Ask for three things, not twenty. First impression. Energy. How you will feel around them on an ordinary Tuesday. That last one matters more than eye color.

And yes, there is a chance you will feel embarrassed. You might ask something simple and get a flat answer. You might realize you added music to a moment that was just a moment. You might feel hot in the face while making coffee the next morning. This is survivable. Awful, but survivable. The long guessing is often worse. It just spreads the embarrassment out over many nights and calls it hope.

If the reading is good news, stay human about that too. Do not run off and build the whole future by lunch. Let the next day happen. Let the next message happen. Let them show up more than once. A real thing does not need you to hold your breath the entire time. If you have to keep blowing on it like a weak candle, maybe it is not fire yet.

If the reading does not give clear features, do not force it. Maybe the deck is being kind. Maybe if you had too many details, you would start rejecting normal people for not matching the sketch. Maybe you would stare at every tall person in a blue jacket like your future had become a scavenger hunt. That sounds exhausting because it is.

I do not have a perfect answer. I do not trust anyone who always does. Some days I believe clarity is simple. Other days I have checked a message while standing in line to buy bananas and felt my whole mood change. So no, I am not writing from a mountain. I am writing from the same messy place, just with the cards on the table and a little more willingness to call a pattern a pattern.

What I would not do is give your whole day to this question. Give it twenty minutes. Maybe thirty if you are really in it. Pull the cards. Write the facts. Feel the ugly feeling. Then return to the ordinary world. Pay the bill. Send the work email. Take out the trash. Eat dinner even if it is just noodles. Ordinary life is not the enemy of romance. It is the place you still have to live.

Your future person will have a face. Of course. But they will also have habits. A temper. Rent or a mortgage. Family stuff. A way of apologizing, or not. Ask about the whole human.

Before you close the page, ask one last question: what would make me feel more like myself tonight? Not what would make them choose me. Not what would make the story prettier. You. Tonight. Maybe the answer is sleep. Maybe silence. Maybe texting a friend, "I am being insane, please talk to me." Maybe deleting the draft. Maybe taking a shower and letting the water be louder than your thoughts for five minutes.

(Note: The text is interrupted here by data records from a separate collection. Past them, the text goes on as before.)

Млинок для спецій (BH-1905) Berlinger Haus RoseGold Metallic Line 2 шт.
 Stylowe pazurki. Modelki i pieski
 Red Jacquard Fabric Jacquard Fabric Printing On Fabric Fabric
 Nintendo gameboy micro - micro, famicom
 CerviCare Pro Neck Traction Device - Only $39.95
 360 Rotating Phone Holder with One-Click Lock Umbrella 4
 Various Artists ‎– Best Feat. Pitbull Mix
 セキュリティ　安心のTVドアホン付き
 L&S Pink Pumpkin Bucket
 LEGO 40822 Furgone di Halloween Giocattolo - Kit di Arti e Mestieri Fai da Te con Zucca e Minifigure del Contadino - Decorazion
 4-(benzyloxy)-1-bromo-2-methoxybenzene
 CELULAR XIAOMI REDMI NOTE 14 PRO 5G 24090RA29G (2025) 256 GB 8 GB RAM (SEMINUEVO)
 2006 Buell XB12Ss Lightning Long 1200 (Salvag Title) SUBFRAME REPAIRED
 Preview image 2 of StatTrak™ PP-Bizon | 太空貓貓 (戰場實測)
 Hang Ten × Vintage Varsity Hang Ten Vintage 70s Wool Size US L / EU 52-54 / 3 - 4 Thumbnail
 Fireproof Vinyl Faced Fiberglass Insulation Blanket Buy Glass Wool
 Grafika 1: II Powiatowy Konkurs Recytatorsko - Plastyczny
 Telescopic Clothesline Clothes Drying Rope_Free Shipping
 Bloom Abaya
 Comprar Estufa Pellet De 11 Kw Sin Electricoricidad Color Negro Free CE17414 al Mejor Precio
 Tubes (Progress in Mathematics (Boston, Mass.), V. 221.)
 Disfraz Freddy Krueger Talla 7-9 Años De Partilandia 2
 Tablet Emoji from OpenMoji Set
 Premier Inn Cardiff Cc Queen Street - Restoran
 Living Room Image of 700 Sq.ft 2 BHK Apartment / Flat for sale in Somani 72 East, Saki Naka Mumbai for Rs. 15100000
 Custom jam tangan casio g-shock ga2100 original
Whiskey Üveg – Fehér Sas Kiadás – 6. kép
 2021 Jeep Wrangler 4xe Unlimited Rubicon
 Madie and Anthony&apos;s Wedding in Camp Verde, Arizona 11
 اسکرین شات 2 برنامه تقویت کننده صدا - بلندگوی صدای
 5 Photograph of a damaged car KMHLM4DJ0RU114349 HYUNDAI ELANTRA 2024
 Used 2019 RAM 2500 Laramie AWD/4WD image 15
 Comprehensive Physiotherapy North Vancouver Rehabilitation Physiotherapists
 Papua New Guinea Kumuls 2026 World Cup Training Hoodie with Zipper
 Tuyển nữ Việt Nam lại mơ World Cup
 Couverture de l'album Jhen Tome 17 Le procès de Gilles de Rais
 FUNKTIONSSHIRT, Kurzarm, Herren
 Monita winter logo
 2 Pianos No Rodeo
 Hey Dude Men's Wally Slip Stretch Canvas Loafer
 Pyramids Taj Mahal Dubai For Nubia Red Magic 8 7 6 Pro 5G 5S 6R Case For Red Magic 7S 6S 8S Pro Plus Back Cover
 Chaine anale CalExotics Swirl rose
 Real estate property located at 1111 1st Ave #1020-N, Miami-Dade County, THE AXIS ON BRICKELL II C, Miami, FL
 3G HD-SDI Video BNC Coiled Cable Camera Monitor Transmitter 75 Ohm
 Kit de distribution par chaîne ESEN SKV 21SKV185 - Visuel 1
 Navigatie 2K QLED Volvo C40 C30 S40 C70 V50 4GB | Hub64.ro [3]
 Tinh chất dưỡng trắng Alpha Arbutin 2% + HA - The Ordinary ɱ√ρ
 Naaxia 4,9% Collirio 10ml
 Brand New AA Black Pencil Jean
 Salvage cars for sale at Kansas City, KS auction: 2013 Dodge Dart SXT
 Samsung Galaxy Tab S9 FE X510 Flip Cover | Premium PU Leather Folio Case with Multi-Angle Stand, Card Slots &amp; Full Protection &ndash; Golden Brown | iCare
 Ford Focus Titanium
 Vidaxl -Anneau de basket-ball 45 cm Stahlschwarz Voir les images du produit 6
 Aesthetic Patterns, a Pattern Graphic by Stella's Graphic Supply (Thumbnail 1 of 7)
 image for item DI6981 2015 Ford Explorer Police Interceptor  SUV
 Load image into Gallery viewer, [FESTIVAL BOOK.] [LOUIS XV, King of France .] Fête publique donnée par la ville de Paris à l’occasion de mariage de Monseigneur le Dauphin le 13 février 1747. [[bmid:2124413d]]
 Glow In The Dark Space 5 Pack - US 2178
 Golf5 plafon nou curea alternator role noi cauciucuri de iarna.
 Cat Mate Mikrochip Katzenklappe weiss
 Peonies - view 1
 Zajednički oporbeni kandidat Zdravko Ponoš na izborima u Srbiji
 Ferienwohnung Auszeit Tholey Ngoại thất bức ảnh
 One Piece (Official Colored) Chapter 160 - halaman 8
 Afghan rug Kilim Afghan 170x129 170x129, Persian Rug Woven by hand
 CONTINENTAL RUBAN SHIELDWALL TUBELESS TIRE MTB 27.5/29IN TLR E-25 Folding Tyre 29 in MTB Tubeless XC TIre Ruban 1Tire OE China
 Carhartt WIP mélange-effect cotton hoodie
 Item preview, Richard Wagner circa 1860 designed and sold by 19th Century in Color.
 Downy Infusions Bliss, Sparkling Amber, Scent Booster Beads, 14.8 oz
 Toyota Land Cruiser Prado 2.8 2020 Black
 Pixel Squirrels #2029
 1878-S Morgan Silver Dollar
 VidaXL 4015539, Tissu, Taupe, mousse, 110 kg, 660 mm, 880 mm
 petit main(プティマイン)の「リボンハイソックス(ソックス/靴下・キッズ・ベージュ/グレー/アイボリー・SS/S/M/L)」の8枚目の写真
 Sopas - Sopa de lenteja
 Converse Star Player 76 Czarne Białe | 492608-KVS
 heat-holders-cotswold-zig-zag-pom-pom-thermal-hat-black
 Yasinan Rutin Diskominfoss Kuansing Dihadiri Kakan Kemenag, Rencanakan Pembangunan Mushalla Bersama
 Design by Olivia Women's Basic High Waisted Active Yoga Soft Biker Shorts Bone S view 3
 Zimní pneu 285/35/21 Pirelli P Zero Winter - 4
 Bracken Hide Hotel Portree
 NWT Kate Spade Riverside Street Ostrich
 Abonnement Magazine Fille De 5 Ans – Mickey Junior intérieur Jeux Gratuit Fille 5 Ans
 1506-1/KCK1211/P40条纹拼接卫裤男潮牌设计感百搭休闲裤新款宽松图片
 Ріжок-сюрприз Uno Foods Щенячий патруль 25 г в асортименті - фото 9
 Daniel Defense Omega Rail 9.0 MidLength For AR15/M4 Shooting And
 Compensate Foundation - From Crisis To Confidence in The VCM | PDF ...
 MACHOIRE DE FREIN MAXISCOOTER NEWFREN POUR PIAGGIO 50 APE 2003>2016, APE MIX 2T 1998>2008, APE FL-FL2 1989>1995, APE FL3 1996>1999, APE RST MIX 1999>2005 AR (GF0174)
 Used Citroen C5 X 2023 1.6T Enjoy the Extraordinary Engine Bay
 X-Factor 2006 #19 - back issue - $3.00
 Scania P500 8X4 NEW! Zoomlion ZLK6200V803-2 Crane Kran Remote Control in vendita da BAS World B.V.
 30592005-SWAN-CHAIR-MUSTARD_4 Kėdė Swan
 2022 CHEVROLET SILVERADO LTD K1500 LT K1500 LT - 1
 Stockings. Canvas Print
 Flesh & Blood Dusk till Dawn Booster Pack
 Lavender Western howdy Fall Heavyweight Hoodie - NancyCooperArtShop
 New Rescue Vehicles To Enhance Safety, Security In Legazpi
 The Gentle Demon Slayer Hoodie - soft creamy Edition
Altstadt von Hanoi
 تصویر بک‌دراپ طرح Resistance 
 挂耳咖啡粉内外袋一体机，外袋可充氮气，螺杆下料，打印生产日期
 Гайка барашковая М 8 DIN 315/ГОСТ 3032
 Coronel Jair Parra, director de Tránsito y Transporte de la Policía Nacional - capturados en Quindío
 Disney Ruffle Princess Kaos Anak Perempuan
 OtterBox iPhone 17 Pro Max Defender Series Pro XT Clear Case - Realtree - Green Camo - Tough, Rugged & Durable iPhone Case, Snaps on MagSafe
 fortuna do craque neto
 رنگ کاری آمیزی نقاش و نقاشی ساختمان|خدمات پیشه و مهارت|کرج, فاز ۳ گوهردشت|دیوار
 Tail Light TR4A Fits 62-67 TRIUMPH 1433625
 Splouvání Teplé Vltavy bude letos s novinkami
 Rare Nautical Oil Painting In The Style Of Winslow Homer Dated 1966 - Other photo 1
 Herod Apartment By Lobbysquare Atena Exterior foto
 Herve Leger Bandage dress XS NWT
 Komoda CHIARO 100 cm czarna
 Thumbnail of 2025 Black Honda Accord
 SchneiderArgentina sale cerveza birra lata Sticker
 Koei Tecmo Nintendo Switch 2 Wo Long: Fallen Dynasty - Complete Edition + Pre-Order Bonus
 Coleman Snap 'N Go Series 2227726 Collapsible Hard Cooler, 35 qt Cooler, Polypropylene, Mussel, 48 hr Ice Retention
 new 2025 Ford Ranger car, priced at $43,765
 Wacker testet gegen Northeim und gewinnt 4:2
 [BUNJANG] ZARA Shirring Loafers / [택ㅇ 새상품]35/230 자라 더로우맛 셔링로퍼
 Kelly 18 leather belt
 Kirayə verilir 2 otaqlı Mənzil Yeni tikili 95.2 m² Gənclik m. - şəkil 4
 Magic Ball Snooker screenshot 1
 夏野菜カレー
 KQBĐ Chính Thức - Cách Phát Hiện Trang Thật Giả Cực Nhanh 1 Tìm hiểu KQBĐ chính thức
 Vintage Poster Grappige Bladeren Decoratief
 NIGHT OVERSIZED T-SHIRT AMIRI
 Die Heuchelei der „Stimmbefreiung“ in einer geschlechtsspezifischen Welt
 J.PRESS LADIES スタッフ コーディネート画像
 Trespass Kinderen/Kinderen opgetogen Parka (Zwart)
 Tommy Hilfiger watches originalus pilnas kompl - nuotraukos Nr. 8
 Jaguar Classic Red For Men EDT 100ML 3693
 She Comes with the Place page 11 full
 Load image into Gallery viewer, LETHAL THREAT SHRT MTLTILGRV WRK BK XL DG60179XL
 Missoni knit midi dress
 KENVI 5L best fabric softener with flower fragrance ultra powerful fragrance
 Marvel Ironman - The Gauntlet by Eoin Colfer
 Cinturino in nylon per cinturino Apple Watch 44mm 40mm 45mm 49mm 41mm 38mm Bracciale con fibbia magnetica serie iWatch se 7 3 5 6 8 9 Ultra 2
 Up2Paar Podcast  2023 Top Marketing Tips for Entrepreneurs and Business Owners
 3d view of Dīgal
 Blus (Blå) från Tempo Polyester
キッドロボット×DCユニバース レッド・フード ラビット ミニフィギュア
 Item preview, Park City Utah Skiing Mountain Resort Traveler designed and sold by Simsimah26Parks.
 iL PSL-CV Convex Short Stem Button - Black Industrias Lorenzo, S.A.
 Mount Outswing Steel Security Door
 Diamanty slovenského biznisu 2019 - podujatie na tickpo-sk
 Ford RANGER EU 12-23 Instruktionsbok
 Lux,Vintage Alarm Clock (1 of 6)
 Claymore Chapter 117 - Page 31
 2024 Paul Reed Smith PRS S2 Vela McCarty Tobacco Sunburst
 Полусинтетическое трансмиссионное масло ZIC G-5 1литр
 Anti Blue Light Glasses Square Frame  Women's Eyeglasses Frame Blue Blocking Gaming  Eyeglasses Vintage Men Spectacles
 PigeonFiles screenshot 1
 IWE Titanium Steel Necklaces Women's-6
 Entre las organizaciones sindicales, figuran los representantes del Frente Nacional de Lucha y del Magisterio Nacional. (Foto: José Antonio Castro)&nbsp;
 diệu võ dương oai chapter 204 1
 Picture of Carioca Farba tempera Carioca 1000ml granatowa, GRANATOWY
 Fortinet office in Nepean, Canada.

That is enough. Not forever. Just enough for tonight. Tomorrow you can be confused again if you need to be. People are not stable machines. We circle back. We get brave, then weird, then clear, then needy, then fine for three hours. Fine. Start there. Start with the truth in the room, the phone on the bed, and one small choice that does not abandon you.

I get why you want details. I do too. Details feel like something you can hold. Brown eyes. Tall. Soft voice. Nice hands. Someone who wears black. Someone who smells like clean laundry and coffee. It is sweet, actually. The heart gets tired of blank space, so it asks for a sketch.

Just do not let the sketch make you rude to real life. Your person may show up in a wrinkled shirt. They may have a bad haircut that month. They may be nervous and say something boring about parking. They may not glow until the third conversation. Sometimes the thing you recognize first is not beauty. Sometimes it is how calm you feel when they do not make you chase.

Ask the cards what you might miss if you only look for your type. That is a better question than hair color. Your type may be exactly where your old trouble lives. Mine has been, more than once. Annoying to admit. Useful, though.